What to do: The key to making a Halloween party for all ages work is to include something for everyone. A Halloween scavenger hunt is a great way to make things fun for the kids, while keeping them occupied and getting them out of the way. For the “groan-ups”, there’s probably little need of organised activities as they no doubt already know what to do at a party. For all ages, costumes are to be non-negotiable. This is a Halloween party, after all!
The Good Old Aussie Barbecue
An evergreen favourite. Though there’s nothing uniquely Australian about barbecueing, we’ve been more than happy to put our own spin on it and adopt it as a national icon. And why not? The Aussie barbecue is a wonderful institution unifying people of all ages and from many walks of life.
What to serve: Beer is the traditional beverage of choice at the aussie barbie. Well chilled pale lagers work well with the weather and the food, although crisper tasting ales like Cooper’s Sparkling are also worth considering.
Meat, fish and seafood are the traditional barbecue fare.
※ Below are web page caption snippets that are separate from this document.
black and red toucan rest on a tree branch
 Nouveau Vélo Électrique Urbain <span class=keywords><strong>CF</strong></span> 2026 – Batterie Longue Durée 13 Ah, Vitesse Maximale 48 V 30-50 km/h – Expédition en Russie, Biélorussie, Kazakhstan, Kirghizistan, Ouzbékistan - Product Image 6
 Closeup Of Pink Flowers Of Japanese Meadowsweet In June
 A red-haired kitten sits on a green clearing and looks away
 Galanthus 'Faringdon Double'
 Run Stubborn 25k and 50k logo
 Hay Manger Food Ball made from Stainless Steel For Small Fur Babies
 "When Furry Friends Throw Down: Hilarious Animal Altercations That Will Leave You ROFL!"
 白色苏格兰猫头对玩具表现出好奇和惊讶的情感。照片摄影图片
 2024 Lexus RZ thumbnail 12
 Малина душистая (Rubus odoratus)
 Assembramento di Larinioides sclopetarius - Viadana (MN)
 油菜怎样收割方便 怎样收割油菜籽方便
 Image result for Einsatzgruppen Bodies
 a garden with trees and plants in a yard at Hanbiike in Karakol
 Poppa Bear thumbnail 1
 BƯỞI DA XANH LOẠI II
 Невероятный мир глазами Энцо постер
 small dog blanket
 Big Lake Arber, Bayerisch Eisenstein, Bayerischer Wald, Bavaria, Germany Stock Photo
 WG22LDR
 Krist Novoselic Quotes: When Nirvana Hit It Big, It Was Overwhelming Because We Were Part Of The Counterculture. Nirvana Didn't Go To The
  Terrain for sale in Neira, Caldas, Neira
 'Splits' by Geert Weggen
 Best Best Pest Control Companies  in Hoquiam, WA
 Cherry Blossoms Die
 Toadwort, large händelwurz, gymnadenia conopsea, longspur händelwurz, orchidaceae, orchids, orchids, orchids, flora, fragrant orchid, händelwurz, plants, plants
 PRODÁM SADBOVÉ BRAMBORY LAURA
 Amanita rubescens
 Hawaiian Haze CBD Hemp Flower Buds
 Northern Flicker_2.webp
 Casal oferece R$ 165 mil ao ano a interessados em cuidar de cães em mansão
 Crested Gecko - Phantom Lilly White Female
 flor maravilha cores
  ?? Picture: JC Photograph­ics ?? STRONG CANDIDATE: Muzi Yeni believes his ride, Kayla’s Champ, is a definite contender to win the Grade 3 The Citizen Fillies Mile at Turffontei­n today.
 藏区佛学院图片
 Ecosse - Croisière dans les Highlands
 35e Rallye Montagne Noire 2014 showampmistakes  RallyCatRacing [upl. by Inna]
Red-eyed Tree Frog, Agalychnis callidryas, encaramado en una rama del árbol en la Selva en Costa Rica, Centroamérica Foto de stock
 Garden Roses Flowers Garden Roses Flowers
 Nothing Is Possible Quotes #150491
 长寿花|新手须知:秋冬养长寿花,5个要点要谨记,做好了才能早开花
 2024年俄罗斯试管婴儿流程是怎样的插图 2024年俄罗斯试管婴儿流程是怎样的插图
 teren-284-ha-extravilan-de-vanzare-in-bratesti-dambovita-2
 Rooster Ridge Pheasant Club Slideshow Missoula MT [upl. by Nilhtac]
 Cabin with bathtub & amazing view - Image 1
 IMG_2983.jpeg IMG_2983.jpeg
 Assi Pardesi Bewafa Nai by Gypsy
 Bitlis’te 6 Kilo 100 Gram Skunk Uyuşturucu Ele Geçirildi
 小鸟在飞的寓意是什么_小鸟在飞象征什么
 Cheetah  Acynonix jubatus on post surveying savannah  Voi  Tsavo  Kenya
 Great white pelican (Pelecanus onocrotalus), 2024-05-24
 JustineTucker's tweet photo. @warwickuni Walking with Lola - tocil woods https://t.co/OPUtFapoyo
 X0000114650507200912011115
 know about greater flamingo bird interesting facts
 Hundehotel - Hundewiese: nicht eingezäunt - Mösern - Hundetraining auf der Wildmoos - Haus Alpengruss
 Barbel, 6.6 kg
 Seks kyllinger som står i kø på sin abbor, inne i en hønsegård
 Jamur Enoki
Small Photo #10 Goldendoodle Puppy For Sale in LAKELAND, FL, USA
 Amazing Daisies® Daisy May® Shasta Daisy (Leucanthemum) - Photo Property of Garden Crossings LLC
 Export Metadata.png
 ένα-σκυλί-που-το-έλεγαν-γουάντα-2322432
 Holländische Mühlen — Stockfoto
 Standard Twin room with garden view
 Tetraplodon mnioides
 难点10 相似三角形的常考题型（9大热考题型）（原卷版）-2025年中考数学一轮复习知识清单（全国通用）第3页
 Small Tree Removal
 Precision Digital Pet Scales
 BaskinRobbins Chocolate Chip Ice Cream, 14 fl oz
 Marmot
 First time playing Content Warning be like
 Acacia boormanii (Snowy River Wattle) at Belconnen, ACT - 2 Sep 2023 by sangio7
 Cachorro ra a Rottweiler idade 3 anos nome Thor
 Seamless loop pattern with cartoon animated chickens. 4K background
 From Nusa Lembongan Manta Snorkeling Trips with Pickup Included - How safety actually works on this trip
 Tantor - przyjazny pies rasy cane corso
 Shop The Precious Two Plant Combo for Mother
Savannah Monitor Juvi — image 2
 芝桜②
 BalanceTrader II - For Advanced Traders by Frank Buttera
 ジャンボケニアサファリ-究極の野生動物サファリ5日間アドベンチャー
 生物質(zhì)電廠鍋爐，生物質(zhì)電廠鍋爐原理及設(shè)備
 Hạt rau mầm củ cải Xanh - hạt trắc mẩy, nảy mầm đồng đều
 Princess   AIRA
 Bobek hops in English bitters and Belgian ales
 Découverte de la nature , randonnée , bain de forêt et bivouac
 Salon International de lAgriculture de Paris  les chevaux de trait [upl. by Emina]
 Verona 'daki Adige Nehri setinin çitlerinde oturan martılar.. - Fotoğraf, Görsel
Prawns and sausages are both popular for a reason, but there’s no reason to limit yourself: shish kebabs, lamb cutlets in tandoori marinade, crispy barbecued pork belly, whole baby snapper, pulled pork, swordfish steaks, salt and pepper squid, yabbie skewers.. you can even cook pizza on the barbie.
It’s good to barbecue some vegetarian food as well, and not simply to cater to guests who don’t want meat; you don’t need to be completely herbivorous to find your mouth watering at the sight and scent of barbecued stuffed capsicums, barbecued portobello mushrooms, or barbecued corn on the cob. Bananas and pineapple rings can both be barbecued as well, for a delicious dessert.
It’s a terrible idea to put your salads on the barbecue, but they work great as a side dish at any Aussie barbie.
What to do: Crank some tunes. Play backyard cricket. Keep in the shade when the sun’s at its hottest, and kick back and have a yarn with friends and family.